Short web captions:

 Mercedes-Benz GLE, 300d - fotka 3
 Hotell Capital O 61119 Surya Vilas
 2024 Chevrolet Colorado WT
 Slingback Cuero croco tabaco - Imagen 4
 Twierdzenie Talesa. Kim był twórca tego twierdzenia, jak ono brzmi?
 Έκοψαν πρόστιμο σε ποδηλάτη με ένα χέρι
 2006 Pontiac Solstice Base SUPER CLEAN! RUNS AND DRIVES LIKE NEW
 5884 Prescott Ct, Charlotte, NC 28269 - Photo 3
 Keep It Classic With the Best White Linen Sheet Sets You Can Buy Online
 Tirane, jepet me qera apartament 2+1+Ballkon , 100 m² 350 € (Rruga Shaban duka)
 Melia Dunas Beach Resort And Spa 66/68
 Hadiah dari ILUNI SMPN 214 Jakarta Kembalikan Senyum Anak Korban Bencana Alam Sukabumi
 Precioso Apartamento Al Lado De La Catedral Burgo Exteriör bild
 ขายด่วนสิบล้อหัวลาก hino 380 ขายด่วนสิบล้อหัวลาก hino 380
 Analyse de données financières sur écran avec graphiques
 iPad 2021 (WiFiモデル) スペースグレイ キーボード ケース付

# Work to complete
Which lines run from the one containing "Έκοψαν πρόστιμο σε ποδηλάτη με ένα χέρι" to the end of the entries above? Quote exactly those, and only those.

# Finished exercise
 Έκοψαν πρόστιμο σε ποδηλάτη με ένα χέρι
 2006 Pontiac Solstice Base SUPER CLEAN! RUNS AND DRIVES LIKE NEW
 5884 Prescott Ct, Charlotte, NC 28269 - Photo 3
 Keep It Classic With the Best White Linen Sheet Sets You Can Buy Online
 Tirane, jepet me qera apartament 2+1+Ballkon , 100 m² 350 € (Rruga Shaban duka)
 Melia Dunas Beach Resort And Spa 66/68
 Hadiah dari ILUNI SMPN 214 Jakarta Kembalikan Senyum Anak Korban Bencana Alam Sukabumi
 Precioso Apartamento Al Lado De La Catedral Burgo Exteriör bild
 ขายด่วนสิบล้อหัวลาก hino 380 ขายด่วนสิบล้อหัวลาก hino 380
 Analyse de données financières sur écran avec graphiques
 iPad 2021 (WiFiモデル) スペースグレイ キーボード ケース付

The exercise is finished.